A 16kg stone falls 40m. Find the stone's kinetic energy just before it strikes the ground.
velocity when stone hits the ground
v = √2as
KE = 1/2 mv^2 = 1/2 m * 2as = m*a*s
= 16 * 9.8 * 40 = 6272kg-m/s^2(N)
To find the stone's kinetic energy just before it strikes the ground, we can use the formula for kinetic energy:
Kinetic Energy (K.E.) = (1/2) * mass * velocity^2
In this case, we are given the mass of the stone, which is 16 kg. However, we need to find the velocity at which it falls before we can calculate the kinetic energy.
To find the velocity of the stone just before it strikes the ground, we can use the equation of motion for uniformly accelerated motion:
v^2 = u^2 + 2aS
Where:
v = final velocity
u = initial velocity (which is 0 in this case since the stone starts from rest)

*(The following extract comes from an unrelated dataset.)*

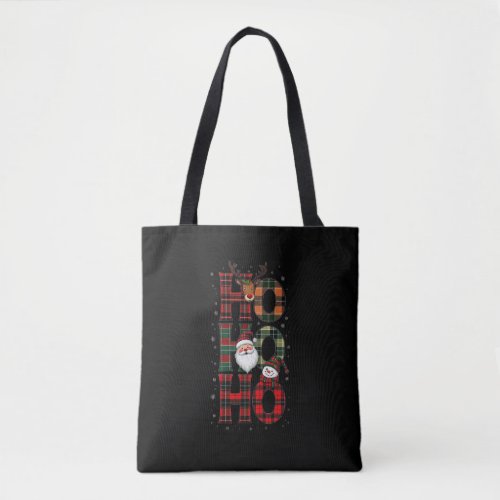 • Rustic Red Plaid Ho Ho Ho Santa Christmas Baby B Tote Bag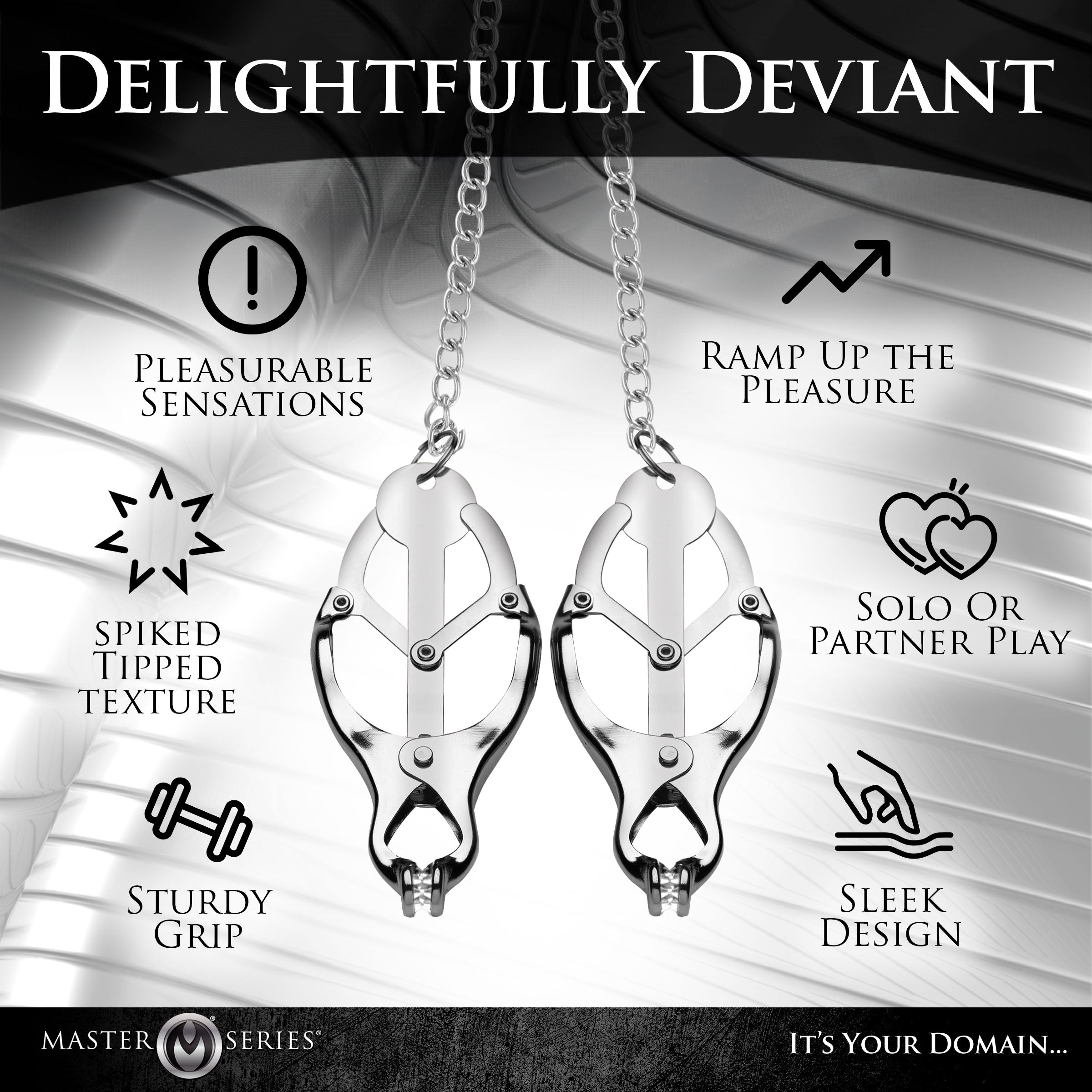 Tyrant Spiked Clover Nipple Clamps - DealByEthan.gay loves Master Series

a = acceleration due to gravity (-9.8 m/s^2, assuming downward direction)
S = distance fallen by the stone (40 m in this case)
Plugging in the values, we can solve for v:
v^2 = 0^2 + 2 * (-9.8 m/s^2) * 40 m
v^2 = 0 + (-784) m^2/s^2
v^2 = -784 m^2/s^2
Since we're dealing with magnitudes, we take the positive square root:
v = 28 m/s
Now that we have the velocity, we can calculate the stone's kinetic energy just before it strikes the ground:
K.E. = (1/2) * mass * velocity^2
K.E. = (1/2) * 16 kg * (28 m/s)^2
K.E. = (1/2) * 16 kg * 784 m^2/s^2
K.E. = 6272 J
Therefore, the stone's kinetic energy just before it strikes the ground is 6272 joules.